Conference is now cancelled
Spatial data on steroids: The Million Deaths Study
Patrick E Brown (Department of Statistical Sciences, University of Toronto)
When I was learning Spatial Statistics from Peter 25 years ago, spatial data as rich and extensive as the Million Deaths Study (MDS) didn't exist. This large health survey from India has one million data points from 12,000 spatial locations spanning 14 years, with a cause of death, date of birth and death, smoking status, sex, drinking, and vegetarianism for each observation. The problem of 'not enough information in the data' was often the main impediment to getting publishable results during the early days of Model-Based Geostatistics, and data as extensive as the MDS might be expected to be the solution to all of a Spatial Statistician's problems. There is, unfortunately, no free lunch.
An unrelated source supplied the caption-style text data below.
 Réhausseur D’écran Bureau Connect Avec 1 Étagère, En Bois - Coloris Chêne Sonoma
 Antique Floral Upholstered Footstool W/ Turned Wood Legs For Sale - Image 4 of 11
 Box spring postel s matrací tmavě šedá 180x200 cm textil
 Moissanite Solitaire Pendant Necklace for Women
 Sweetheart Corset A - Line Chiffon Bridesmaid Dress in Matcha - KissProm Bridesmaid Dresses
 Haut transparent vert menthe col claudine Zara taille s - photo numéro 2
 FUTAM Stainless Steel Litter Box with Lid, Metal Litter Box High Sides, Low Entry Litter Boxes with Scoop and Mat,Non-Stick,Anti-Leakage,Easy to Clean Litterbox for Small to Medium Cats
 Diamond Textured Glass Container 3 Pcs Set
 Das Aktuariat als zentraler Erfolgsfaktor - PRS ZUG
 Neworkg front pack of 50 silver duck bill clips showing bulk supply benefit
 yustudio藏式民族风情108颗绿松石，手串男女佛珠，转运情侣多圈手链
This talk will explore the complications and difficulties which are faced when using the Generalized Linear Geostatistical Model with the MDS data, focusing on the effect on mortality of satellite-derived air quality data. The reasons why more data is not the panacea one might expect will be discussed. Possible methods for accommodating uncertainty in the denominator, unmeasured confounding, and potential spatial variation in the effect sizes will be described. More data brings a desire (or an imperative?) to answer more complex questions, and the talk will conclude with possible directions for Spatial Statistics in the big data world.